First, be sure that your steaks aren't sliced too thin. That's because while thin cuts of venison may give a hunter more servings per freezer package, it also will lead to venison that will dry out too quickly for many cooking methods.

"For backstrap, I'll typically cut them ½ to ¾ inches thick," said Welch.

Not only is the thickness of a piece of venison one key to good eating, so too is the way that such a deer steak is actually sliced.

"For ham steaks, if you don't muscle them out, you will wind up with meat in your steak that has grain going two or three different ways and is hard to cook properly," said Welch.

"When you cut meat with the grain, it tends to be tougher than when you cut it cross grain," he added.

"Some processors take the ham, bone and all, and run it through a band saw and cut steaks. Personally, I don't like that. When you muscle a ham out, it's much easier to make tender steaks out of it."

Aside from the actual butchering process, another key to a hot and juicy deer steak is to properly cook such a lean piece of meat in the first place.

For Welch, that means keeping the cut moist through either marinating it thoroughly or wrapping it in foil, grilling it over a hot fire (mesquite wood gives just about any cut of meat a great flavor in my opinion) and cooking this wild meat very quickly.

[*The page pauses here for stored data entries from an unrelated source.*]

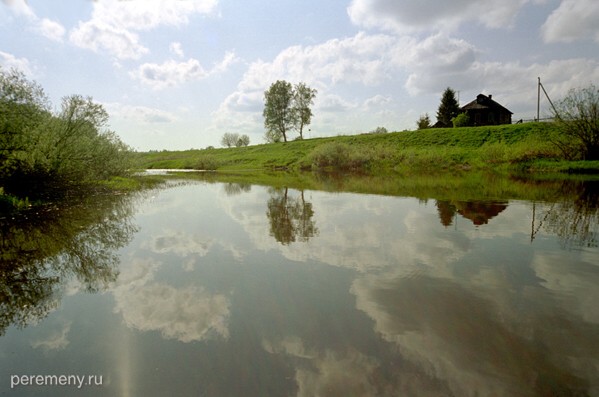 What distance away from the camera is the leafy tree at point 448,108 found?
82.5 m

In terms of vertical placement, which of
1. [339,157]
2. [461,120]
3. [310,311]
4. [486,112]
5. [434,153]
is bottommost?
[310,311]

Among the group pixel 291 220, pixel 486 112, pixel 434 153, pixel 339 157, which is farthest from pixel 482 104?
pixel 291 220

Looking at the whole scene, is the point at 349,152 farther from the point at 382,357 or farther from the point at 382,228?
the point at 382,357

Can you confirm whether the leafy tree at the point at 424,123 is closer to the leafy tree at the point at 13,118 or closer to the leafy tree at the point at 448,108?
the leafy tree at the point at 448,108

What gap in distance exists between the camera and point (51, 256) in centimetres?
1082

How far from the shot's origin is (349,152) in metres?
60.7

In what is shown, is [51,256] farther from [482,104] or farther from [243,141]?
[243,141]

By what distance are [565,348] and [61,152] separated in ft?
98.3

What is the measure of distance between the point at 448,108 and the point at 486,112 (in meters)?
8.35

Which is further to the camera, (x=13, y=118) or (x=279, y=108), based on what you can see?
(x=279, y=108)

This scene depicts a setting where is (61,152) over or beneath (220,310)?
over

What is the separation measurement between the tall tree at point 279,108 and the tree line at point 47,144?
63.9 meters

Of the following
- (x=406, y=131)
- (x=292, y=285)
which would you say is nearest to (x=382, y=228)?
(x=292, y=285)

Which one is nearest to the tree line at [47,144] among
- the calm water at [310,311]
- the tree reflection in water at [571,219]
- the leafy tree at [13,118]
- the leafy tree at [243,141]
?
the leafy tree at [13,118] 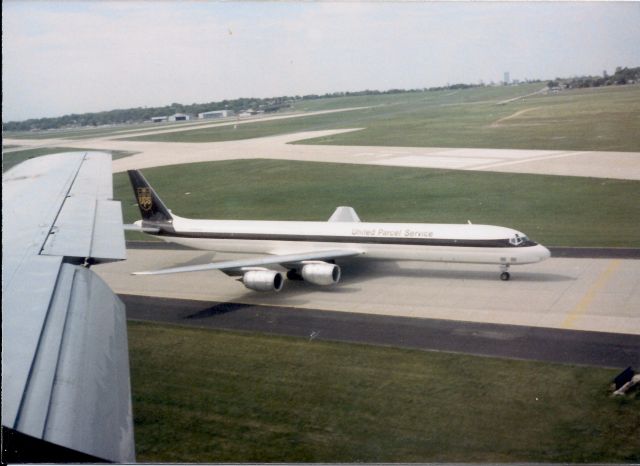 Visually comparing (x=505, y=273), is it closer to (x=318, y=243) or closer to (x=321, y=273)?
(x=321, y=273)

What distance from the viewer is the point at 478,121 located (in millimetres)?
30469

"My daddy told me if you’re going to cook a steak, build a hot fire, put it on for eight minutes and get it off," said Welch, noting that such cooking times will have to be reduced a bit to get the desired hot pink center in a leaner cut of venison.

"You can overcook (venison) real easily," he added. "The longer it stays on there (the grill), the drier and tougher it will get. If you want your meat well done, then chicken fry it."

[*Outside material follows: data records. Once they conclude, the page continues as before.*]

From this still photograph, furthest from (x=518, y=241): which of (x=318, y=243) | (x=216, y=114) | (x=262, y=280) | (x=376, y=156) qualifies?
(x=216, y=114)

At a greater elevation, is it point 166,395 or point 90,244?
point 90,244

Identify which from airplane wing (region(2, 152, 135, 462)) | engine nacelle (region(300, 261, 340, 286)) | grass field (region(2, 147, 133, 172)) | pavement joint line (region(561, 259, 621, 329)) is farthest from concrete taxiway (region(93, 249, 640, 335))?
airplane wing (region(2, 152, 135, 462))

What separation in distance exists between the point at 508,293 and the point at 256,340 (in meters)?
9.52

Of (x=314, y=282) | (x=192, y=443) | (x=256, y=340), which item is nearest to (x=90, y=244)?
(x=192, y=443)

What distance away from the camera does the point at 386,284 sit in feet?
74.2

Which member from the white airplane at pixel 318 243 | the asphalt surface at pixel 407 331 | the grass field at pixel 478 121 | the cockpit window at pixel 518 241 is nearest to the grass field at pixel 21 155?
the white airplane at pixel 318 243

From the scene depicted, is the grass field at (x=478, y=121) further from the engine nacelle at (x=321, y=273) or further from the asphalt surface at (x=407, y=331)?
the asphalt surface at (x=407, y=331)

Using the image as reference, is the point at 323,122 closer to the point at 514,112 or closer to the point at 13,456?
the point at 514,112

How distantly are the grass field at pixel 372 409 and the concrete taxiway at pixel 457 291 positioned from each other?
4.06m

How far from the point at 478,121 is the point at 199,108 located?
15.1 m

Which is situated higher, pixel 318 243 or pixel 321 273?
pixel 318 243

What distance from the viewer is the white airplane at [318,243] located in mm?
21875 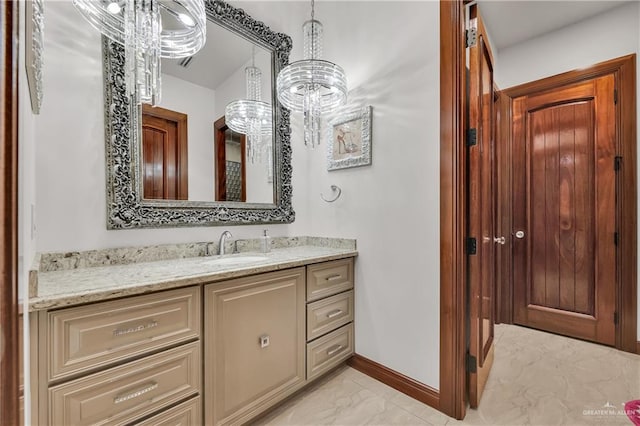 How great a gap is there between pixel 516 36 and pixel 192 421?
12.9ft

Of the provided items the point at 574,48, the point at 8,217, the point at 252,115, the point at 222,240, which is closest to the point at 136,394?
the point at 222,240

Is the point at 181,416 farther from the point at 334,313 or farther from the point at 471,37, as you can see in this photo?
the point at 471,37

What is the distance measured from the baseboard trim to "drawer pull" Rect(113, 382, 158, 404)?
138 centimetres

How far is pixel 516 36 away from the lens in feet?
9.06

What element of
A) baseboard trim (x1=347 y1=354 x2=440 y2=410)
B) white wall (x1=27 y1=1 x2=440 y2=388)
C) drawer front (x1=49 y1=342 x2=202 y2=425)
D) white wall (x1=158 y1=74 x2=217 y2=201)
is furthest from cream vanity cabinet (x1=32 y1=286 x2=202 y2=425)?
baseboard trim (x1=347 y1=354 x2=440 y2=410)

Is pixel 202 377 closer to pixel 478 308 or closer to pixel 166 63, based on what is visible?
pixel 478 308

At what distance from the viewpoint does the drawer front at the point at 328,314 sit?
1781 millimetres

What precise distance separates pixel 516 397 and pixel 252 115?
8.40 feet

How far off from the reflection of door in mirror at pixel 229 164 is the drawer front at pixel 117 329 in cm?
89

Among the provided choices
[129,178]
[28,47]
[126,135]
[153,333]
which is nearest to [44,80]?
[126,135]

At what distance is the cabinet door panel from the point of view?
131 cm

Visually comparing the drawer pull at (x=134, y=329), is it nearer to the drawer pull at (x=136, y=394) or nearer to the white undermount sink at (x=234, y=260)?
the drawer pull at (x=136, y=394)

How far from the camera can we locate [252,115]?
211 cm

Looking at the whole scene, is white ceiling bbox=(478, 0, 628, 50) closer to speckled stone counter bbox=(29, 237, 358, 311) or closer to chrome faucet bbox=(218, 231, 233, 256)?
speckled stone counter bbox=(29, 237, 358, 311) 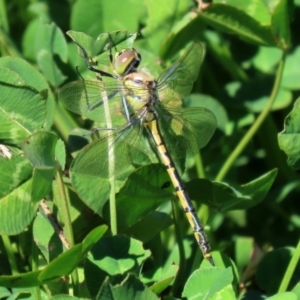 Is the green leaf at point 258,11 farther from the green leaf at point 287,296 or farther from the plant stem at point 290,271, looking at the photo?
the green leaf at point 287,296

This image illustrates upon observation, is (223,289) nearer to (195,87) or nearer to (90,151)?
(90,151)

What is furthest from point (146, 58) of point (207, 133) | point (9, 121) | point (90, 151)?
point (9, 121)

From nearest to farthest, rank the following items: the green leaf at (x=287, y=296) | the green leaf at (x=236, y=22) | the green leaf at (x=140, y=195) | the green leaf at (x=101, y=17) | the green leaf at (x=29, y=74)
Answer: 1. the green leaf at (x=287, y=296)
2. the green leaf at (x=140, y=195)
3. the green leaf at (x=29, y=74)
4. the green leaf at (x=236, y=22)
5. the green leaf at (x=101, y=17)

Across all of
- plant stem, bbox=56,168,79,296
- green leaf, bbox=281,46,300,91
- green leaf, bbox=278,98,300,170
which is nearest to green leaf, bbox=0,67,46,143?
plant stem, bbox=56,168,79,296

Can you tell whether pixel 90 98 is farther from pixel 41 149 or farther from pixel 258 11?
pixel 258 11

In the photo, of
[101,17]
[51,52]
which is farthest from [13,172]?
[101,17]

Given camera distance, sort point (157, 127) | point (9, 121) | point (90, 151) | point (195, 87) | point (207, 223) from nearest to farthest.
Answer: point (9, 121), point (90, 151), point (207, 223), point (157, 127), point (195, 87)

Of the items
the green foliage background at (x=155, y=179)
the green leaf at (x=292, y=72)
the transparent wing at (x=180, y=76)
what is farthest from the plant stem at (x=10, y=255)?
the green leaf at (x=292, y=72) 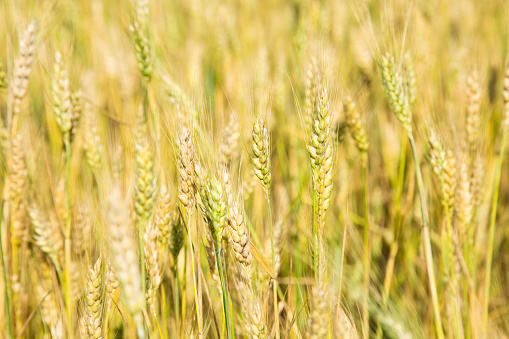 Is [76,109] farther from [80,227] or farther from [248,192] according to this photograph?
[248,192]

To keep venison from drying out, Welch also recommends another couple of alternative cooking methods to chefs taking their woodsy protein into the kitchen.

"For tenderloins, I'll wrap it in foil and put in some butter, seasoning and garlic. It stays moist and tender that way," he said. "You can do a ham in the same fashion so it will keep some type of moisture in there. It steams and the meat stays moist.

"You can also roast a ham by putting it in a roaster (or crock-pot) with vegetables," he added. "You can keep it extremely moist in that environment."

A final cooking method that Welch highly recommends is the aforementioned chicken-fried version of venison, a culinary staple in many a Lone Star state kitchen.

"I guess we’ve eaten deer meat about every way you can cook it," said Welch. "To me, there’s nothing better than a batch of fried backstrap with milk gravy and cathead biscuits.

"It may not be all that healthy, but it sure tastes good."

While that's a great way to enjoy venison deep in the heart of Texas, a similar method of frying up venison is utilized by the Iowa-based Whitetail Freaks, Don and Kandi Kisky.

With several bucks hitting the ground on the Kisky farms each year, the Outdoor Channel hunting couple gets to sample plenty of corn-fed venison that fills their freezer up each year.

"One of our favorite ways to cook venison is to fry it up," said Kandi. "We're pretty simple, we like to use pancake batter for our fried venison. Dredge it in the flour with a little salt and pepper and maybe a little bit of hot sauce."

Who needs waffles and chicken when there's pancakes and fried venison to be eaten?

While fried venison is good just about anywhere it is prepared, Kisky's fellow Midwestern deer hunting neighbor and Outdoor Channel hunting personality, Missouri based Mark Drury, loves to smoke his venison cuts.

"I love to smoke those inside tenders after marinating them in Dale's Sauce for three hours," said Drury. "I set the smoker to 225 degrees and then cook them to an internal temperature of 170 degrees. It's fantastic!"

When handled properly in the field, in the butcher shop and in the kitchen, that's the goal of all deer hunters, to hear the word "Fantastic!" as the first bite is taken.

Because there can be no higher compliment to a hunter turned chef than in taking the art of making meat – deer hunting style – and turning these wild, organic forms of protein into utterly delectable table fare.